• YOUR OBJECTIVE
Please give an exact copy of every line from the one holding "We can try to" through the final line of the records below.

[Stored data]
══════════
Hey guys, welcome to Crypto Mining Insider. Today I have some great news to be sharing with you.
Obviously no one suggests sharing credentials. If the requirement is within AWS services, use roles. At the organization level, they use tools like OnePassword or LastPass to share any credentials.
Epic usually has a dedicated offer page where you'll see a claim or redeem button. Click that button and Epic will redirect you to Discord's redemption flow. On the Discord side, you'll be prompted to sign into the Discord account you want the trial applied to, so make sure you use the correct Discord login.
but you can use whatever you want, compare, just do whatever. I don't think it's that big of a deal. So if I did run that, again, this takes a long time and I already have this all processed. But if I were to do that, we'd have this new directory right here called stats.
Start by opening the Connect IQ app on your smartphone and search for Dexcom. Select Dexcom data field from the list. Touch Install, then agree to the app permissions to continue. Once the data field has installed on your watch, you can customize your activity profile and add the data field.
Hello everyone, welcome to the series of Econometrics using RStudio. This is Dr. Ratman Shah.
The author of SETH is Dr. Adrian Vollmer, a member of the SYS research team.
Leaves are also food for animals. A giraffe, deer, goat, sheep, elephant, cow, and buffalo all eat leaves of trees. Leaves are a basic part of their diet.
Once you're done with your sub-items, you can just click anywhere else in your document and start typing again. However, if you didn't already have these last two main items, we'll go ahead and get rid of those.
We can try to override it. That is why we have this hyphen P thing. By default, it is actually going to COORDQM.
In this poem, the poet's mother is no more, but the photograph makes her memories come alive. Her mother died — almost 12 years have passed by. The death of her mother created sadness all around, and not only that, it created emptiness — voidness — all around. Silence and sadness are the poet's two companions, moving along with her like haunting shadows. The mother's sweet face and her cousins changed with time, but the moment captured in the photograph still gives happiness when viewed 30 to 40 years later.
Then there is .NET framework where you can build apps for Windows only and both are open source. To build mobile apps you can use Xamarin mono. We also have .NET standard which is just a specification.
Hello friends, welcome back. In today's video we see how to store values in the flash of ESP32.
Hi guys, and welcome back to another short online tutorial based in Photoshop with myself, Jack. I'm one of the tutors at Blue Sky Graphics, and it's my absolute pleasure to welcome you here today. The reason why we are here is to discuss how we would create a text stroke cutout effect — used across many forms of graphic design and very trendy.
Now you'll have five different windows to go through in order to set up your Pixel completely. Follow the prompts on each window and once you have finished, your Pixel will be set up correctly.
══════════
• EXERCISE RESULT
We can try to override it. That is why we have this hyphen P thing. By default, it is actually going to COORDQM.
In this poem, the poet's mother is no more, but the photograph makes her memories come alive. Her mother died — almost 12 years have passed by. The death of her mother created sadness all around, and not only that, it created emptiness — voidness — all around. Silence and sadness are the poet's two companions, moving along with her like haunting shadows. The mother's sweet face and her cousins changed with time, but the moment captured in the photograph still gives happiness when viewed 30 to 40 years later.
Then there is .NET framework where you can build apps for Windows only and both are open source. To build mobile apps you can use Xamarin mono. We also have .NET standard which is just a specification.
Hello friends, welcome back. In today's video we see how to store values in the flash of ESP32.
Hi guys, and welcome back to another short online tutorial based in Photoshop with myself, Jack. I'm one of the tutors at Blue Sky Graphics, and it's my absolute pleasure to welcome you here today. The reason why we are here is to discuss how we would create a text stroke cutout effect — used across many forms of graphic design and very trendy.
Now you'll have five different windows to go through in order to set up your Pixel completely. Follow the prompts on each window and once you have finished, your Pixel will be set up correctly.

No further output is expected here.